ACTIVITY:
Everything from the line that contains "Borscht with sour" through the last line below should be transcribed exactly, except the pictures.

+++ DATASET EXCERPT +++

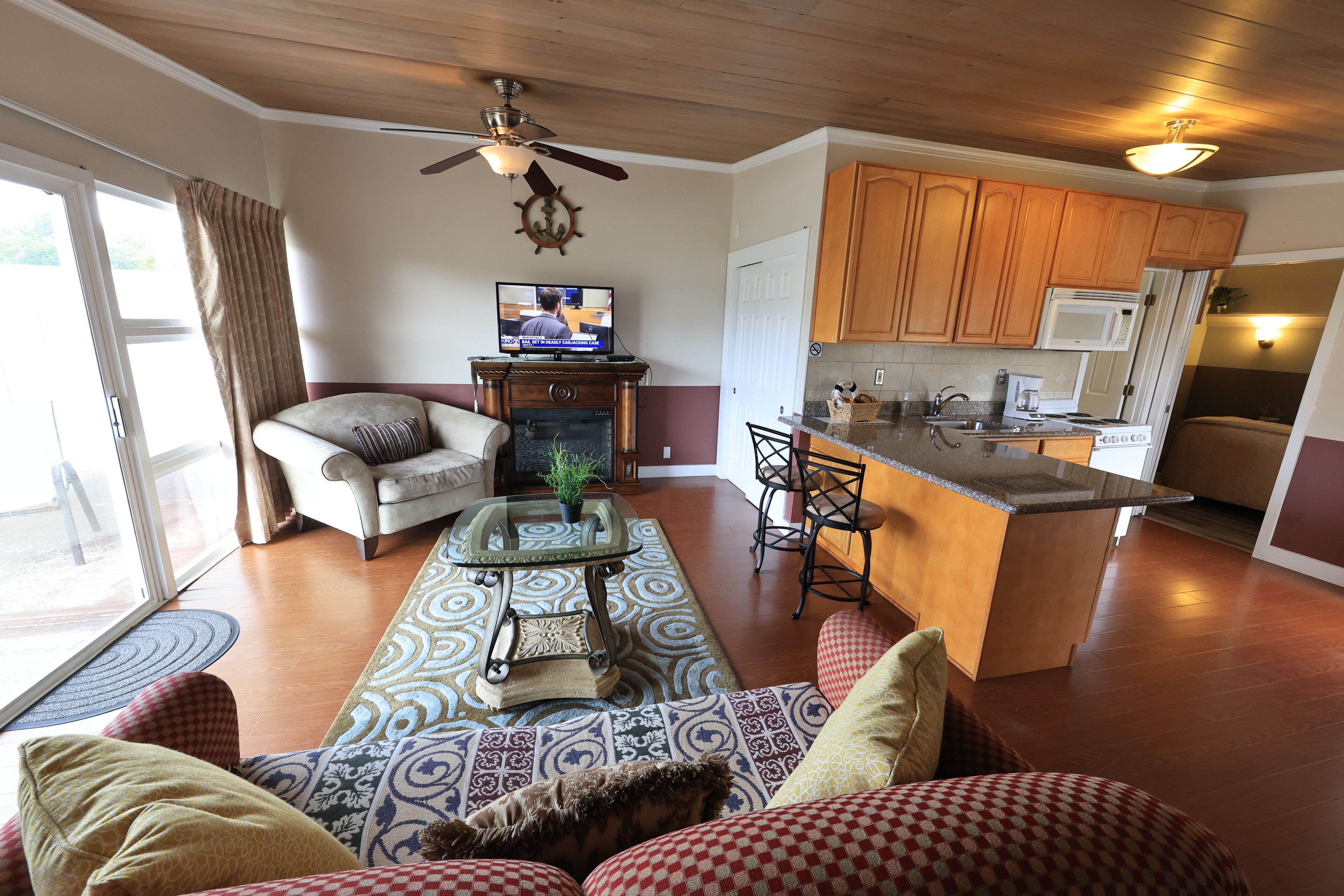 A living room with a sofa, a coffee table, and a television. There is a kitchen area with wooden cabinets and a microwave.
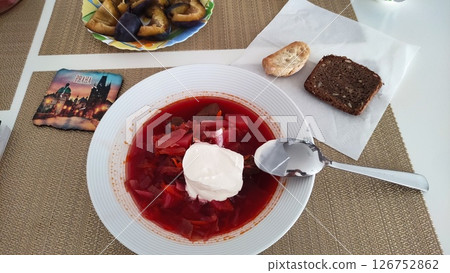 Borscht with sour cream, bread, and prague souvenir on table 126752862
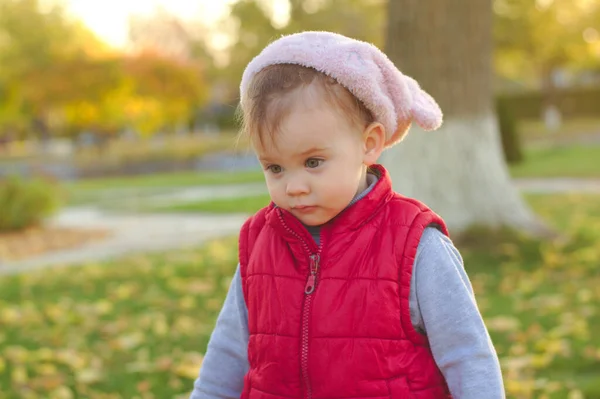 Un niño pequeño con un sombrero rosa esponjoso y un chaleco rojo está corriendo en el parque de otoño. Hermoso otoño día soleado al aire libre . — Foto de Stock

+++

PROBLEM SOLUTION:
 Borscht with sour cream, bread, and prague souvenir on table 126752862
 Un niño pequeño con un sombrero rosa esponjoso y un chaleco rojo está corriendo en el parque de otoño. Hermoso otoño día soleado al aire libre . — Foto de Stock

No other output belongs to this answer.